$2.3 Million HIPAA Penalty for Business Associate for 6 Million-Record Data Breach
The Community Health Systems business associate, CHSPSC LLC, has settled its HIPAA violation case with the HHS’ Office for Civil Rights (OCR) for $2.3 million.
CHSPSC LLC is a management company based in Tennessee that provides legal, compliance, accounting, operations, human resources, IT, and health information management services to subsidiary hospital operator companies and other affiliates of Community Health Systems.
CHSPSC was investigated by OCR after reporting a breach involving the electronic protected health information of 6,121,158 individuals. On April 18, 2014, the Federal Bureau of Investigation notified CHSPSC about a cyberattack conducted by an advanced persistent threat group called APT18. The hackers had gained access to CHSPSC systems a week previously, on April 10, 2014. CHSPSC was unaware that its systems had been breached.
Despite being notified about the breach in April, the hackers were not eradicated from its systems until August 2014. During that time they had access to, and exfiltrated, electronic protected health information (ePHI). OCR determined that the last evidence of APT18 network activity was August 18, 2014.
The ePHI of 6,121,158 individuals – name, sex, phone number, date of birth, email address, ethnicity, emergency contact information, Social Security number – was stolen by the hackers.
In addition to failing to prevent unauthorized access to the ePHI of more than 6 million individuals, OCR determined that there had been four other potential HIPAA violations.
CHSPSC had failed to respond to a known security breach between April 18, 2014 to June 18, 2014 and did not, to the extent practicable, mitigate the harmful effects of the breach and document the security incident and its outcome.
CHSPSC had not conducted accurate and thorough assessments of the potential risks and vulnerabilities to the confidentiality, integrity, and availability of ePHI.
CHSPSC had not implemented policies and procedures requiring records of system activity to be reviewed. Audit logs, access reports and security tracking incident reports had not been checked.

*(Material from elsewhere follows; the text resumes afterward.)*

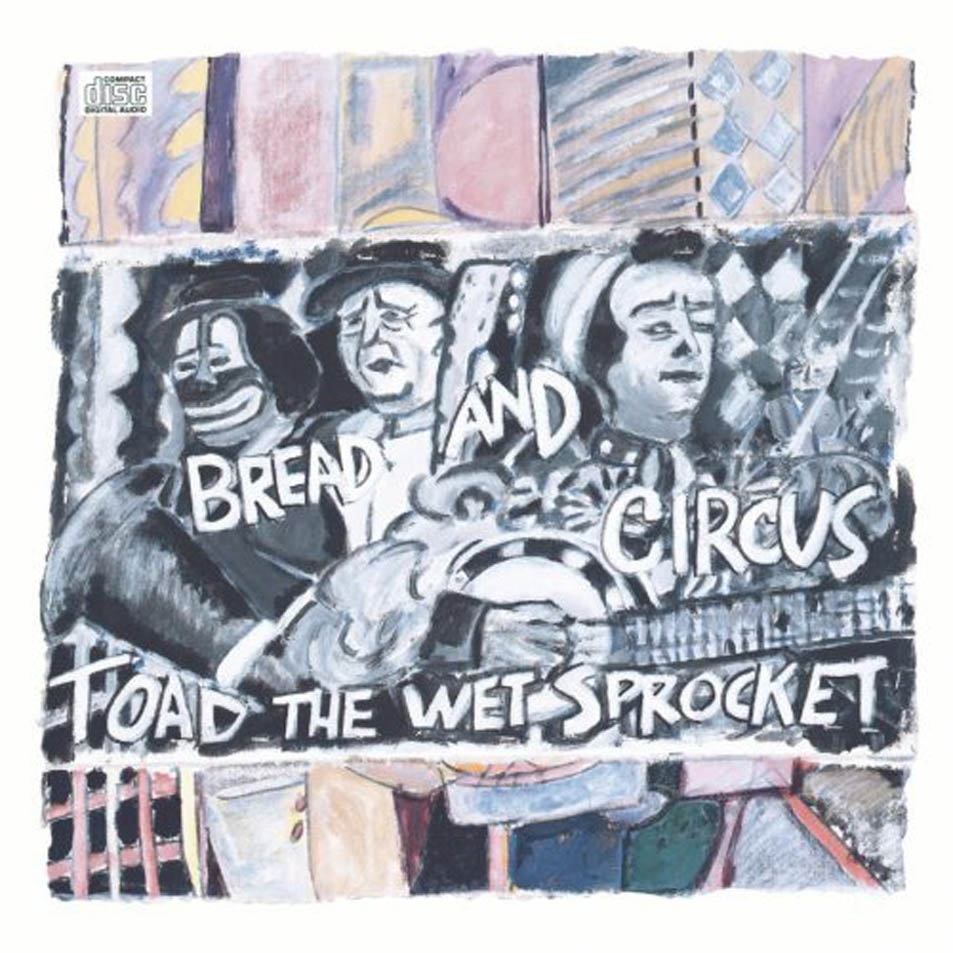 Cartula Frontal de Toad The Wet Sprocket - Bread And Circus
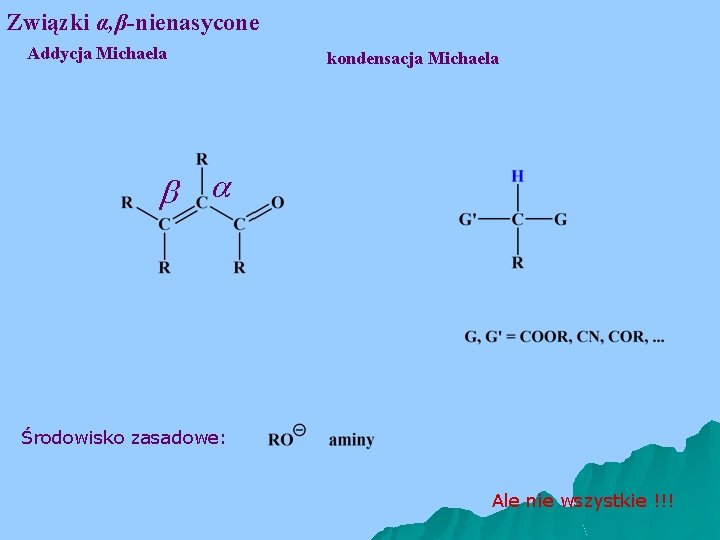 Związki α, β-nienasycone Addycja Michaela kondensacja Michaela b a Środowisko zasadowe: Ale nie wszystkie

CHSPSC had not implemented technical policies and procedures to allow access to ePHI only to authorized persons or software programs granted access rights to information systems maintained by CHSPSC.
It may not be possible to prevent all data breaches, but it is vital that any breach is detected quickly and mitigated. “The health care industry is a known target for hackers and cyberthieves. The failure to implement the security protections required by the HIPAA Rules, especially after being notified by the FBI of a potential breach, is inexcusable,” said OCR Director Roger Severino.
In addition to paying a $2.3 million financial penalty, CHSPSC is required to adopt a robust corrective action plan and will be closely monitored by OCR for two years to ensure continued compliance. CHSPSC settled the case with no admission of liability.
This is the 10th HIPAA fine to be imposed by OCR in 2020 and the largest financial penalty so far this year. It is also the 7th financial penalty to be announced by OCR in the past week.